It’s the parasitic resistance between 63/108 and 31/110 which allows voltage to develop between the CEM ground and the WMM ground, potentially bringing the LIN bus voltage on pin 1 negative enough to forward bias the clamp diodes.

Note that, similarly, the foglight ground is shared with the PSM (Power Steering Module, the electronic power steering pump) and some have had issues with “Power steering failure” DIM messages when running retrofit HID kits off the fog circuit.

A badly behaved ballast (e.g. with a failing error harness or no harness at all) will introduce voltage spikes (also called transients) into the electrical system, which can cause communication problems and potentially permanent damage to the WMM, thanks to a poorly designed circuit within it.

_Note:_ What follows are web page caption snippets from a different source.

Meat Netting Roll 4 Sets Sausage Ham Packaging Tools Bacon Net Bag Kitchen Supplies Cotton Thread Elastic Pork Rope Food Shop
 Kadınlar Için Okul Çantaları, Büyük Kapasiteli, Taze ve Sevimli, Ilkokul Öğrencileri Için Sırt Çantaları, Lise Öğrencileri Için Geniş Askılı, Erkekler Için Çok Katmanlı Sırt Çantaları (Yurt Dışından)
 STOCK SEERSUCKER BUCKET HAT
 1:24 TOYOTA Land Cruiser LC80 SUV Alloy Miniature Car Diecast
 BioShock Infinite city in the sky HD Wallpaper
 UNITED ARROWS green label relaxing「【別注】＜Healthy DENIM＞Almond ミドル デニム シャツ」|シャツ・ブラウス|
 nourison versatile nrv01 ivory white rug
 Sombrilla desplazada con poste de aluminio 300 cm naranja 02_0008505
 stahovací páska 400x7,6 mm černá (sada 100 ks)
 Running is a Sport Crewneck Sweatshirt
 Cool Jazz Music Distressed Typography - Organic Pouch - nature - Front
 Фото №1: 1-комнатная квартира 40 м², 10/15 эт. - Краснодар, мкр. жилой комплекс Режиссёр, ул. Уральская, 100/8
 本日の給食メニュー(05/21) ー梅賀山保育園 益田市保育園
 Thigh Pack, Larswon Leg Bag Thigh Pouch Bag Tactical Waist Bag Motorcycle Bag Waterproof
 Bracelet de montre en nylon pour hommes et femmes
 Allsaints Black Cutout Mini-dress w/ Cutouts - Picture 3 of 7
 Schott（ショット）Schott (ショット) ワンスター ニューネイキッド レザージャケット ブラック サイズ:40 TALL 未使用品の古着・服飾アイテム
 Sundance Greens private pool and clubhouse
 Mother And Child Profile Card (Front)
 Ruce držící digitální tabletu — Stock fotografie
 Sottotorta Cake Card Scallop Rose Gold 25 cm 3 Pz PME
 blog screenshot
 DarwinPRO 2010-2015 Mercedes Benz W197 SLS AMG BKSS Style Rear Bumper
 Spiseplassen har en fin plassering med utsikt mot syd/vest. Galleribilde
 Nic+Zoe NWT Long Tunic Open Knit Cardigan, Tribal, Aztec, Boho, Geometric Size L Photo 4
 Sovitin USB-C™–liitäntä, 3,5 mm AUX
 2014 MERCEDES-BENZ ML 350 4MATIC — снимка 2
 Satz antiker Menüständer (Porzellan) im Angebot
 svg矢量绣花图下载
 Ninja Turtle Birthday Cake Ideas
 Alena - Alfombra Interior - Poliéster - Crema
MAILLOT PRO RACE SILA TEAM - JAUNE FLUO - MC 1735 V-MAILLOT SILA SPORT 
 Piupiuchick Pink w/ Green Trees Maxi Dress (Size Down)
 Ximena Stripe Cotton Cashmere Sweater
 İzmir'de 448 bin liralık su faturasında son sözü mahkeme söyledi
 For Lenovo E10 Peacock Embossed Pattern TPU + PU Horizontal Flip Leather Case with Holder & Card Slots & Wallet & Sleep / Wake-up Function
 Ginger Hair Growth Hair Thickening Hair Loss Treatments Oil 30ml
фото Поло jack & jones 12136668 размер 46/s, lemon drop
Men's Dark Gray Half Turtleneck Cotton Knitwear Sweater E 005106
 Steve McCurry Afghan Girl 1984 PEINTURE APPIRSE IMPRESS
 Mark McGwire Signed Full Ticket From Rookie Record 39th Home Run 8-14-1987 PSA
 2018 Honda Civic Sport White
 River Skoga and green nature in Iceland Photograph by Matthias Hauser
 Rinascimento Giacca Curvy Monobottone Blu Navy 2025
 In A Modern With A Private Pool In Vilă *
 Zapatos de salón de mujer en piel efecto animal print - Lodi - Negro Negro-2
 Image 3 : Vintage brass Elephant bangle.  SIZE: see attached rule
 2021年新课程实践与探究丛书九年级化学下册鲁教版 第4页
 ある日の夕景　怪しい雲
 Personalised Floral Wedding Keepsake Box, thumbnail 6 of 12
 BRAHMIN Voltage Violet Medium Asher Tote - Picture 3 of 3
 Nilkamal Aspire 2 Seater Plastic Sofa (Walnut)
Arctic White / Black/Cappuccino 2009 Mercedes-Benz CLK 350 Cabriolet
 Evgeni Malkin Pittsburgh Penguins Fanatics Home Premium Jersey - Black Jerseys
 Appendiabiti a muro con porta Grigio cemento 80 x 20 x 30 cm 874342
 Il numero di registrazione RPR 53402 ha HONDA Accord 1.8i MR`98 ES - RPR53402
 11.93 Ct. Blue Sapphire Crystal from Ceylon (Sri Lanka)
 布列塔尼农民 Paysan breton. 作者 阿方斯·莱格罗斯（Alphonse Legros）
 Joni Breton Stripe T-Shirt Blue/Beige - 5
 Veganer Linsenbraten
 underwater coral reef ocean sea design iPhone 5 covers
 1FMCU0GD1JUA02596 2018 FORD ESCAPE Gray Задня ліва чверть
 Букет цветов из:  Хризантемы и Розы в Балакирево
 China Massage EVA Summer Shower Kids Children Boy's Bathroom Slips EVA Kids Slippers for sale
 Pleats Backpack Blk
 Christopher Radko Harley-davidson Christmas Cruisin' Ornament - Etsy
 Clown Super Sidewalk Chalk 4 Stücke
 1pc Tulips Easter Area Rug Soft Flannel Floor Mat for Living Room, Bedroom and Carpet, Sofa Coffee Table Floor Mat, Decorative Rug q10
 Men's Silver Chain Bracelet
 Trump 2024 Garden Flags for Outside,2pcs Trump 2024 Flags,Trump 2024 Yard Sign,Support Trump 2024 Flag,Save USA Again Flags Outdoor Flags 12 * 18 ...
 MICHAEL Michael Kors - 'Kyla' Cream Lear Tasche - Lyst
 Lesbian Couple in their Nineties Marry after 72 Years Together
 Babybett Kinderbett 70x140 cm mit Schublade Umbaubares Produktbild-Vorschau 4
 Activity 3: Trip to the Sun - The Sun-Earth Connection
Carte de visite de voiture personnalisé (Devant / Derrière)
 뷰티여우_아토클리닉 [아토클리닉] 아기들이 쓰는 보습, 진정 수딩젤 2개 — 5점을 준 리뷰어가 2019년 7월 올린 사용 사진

WMM PCB showing the NXP TJA1020 CAN transceiver
WMM PCB showing the culprit NXP TJA1020 LIN transceiver – click for more info on the WMM

There is an (now obsolete) NXP TJA1020 LIN communication chip within WMM with insufficient external reverse voltage protection against transient voltage spikes, leaving it to rely on the relatively weak internal protection. When the conditions line up – aging filter capacitors inside of the HID ballast, cold temperatures (makes ignition harder), or wet conditions (more leakage current make ignition harder), the transient can be strong enough to destroy the internal reverse voltage protection within the chip. The wipers behave erratically, and the WMM will need to be repaired or replaced.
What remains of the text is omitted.